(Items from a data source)
>>>
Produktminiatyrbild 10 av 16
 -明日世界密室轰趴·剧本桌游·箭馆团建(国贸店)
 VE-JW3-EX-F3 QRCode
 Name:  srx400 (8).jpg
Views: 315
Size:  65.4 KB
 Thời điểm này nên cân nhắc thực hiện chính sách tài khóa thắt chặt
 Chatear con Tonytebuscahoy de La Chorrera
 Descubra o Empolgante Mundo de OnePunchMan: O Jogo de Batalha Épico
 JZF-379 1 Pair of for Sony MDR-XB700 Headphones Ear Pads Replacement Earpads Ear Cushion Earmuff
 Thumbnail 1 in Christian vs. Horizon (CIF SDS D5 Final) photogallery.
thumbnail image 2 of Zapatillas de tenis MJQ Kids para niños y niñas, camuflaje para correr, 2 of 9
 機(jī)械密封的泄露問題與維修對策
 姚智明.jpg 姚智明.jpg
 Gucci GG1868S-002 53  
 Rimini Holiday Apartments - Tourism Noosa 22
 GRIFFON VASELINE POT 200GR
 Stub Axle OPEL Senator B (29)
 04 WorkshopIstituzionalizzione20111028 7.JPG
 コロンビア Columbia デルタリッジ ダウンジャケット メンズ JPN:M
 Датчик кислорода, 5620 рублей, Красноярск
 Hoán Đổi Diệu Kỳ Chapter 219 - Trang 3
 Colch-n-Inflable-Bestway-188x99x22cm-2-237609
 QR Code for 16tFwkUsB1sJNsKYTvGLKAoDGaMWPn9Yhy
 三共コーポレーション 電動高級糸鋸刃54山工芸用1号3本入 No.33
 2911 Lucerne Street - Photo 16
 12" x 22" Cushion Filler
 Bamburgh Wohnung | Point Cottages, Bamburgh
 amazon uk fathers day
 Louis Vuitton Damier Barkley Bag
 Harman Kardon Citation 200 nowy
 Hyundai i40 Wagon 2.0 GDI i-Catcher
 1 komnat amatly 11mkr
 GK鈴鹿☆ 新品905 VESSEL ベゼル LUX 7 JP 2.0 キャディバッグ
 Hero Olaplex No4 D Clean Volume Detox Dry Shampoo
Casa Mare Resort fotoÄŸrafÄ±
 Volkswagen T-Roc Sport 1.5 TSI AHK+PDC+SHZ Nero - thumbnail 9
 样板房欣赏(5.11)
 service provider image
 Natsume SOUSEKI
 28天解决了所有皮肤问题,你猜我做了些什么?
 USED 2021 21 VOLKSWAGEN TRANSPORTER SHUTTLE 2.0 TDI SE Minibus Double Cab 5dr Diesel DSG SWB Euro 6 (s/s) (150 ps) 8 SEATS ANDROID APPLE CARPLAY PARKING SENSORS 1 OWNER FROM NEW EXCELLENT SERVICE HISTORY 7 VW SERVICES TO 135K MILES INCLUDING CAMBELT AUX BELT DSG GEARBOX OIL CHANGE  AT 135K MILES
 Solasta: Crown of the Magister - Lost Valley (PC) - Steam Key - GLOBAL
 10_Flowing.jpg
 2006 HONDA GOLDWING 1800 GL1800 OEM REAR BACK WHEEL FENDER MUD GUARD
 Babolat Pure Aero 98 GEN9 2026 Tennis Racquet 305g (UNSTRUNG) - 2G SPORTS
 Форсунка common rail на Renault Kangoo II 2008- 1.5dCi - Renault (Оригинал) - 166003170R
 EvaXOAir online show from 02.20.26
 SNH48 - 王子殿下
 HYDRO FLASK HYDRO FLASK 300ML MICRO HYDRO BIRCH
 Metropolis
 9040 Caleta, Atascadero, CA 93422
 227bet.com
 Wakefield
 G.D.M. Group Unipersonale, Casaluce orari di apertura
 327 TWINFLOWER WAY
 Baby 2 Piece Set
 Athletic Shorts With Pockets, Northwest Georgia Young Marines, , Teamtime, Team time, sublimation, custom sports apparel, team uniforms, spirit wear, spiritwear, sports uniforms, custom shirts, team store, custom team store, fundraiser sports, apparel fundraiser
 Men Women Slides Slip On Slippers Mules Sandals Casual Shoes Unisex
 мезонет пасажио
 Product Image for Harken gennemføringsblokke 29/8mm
<<<
Look above for the line holding "Casa Mare Resort fotoÄŸrafÄ±" and the line holding "Baby 2 Piece Set". Retype both, and every line between them, word for word and nothing else.

■ Output of the exercise
Casa Mare Resort fotoÄŸrafÄ±
 Volkswagen T-Roc Sport 1.5 TSI AHK+PDC+SHZ Nero - thumbnail 9
 样板房欣赏(5.11)
 service provider image
 Natsume SOUSEKI
 28天解决了所有皮肤问题,你猜我做了些什么?
 USED 2021 21 VOLKSWAGEN TRANSPORTER SHUTTLE 2.0 TDI SE Minibus Double Cab 5dr Diesel DSG SWB Euro 6 (s/s) (150 ps) 8 SEATS ANDROID APPLE CARPLAY PARKING SENSORS 1 OWNER FROM NEW EXCELLENT SERVICE HISTORY 7 VW SERVICES TO 135K MILES INCLUDING CAMBELT AUX BELT DSG GEARBOX OIL CHANGE  AT 135K MILES
 Solasta: Crown of the Magister - Lost Valley (PC) - Steam Key - GLOBAL
 10_Flowing.jpg
 2006 HONDA GOLDWING 1800 GL1800 OEM REAR BACK WHEEL FENDER MUD GUARD
 Babolat Pure Aero 98 GEN9 2026 Tennis Racquet 305g (UNSTRUNG) - 2G SPORTS
 Форсунка common rail на Renault Kangoo II 2008- 1.5dCi - Renault (Оригинал) - 166003170R
 EvaXOAir online show from 02.20.26
 SNH48 - 王子殿下
 HYDRO FLASK HYDRO FLASK 300ML MICRO HYDRO BIRCH
 Metropolis
 9040 Caleta, Atascadero, CA 93422
 227bet.com
 Wakefield
 G.D.M. Group Unipersonale, Casaluce orari di apertura
 327 TWINFLOWER WAY
 Baby 2 Piece Set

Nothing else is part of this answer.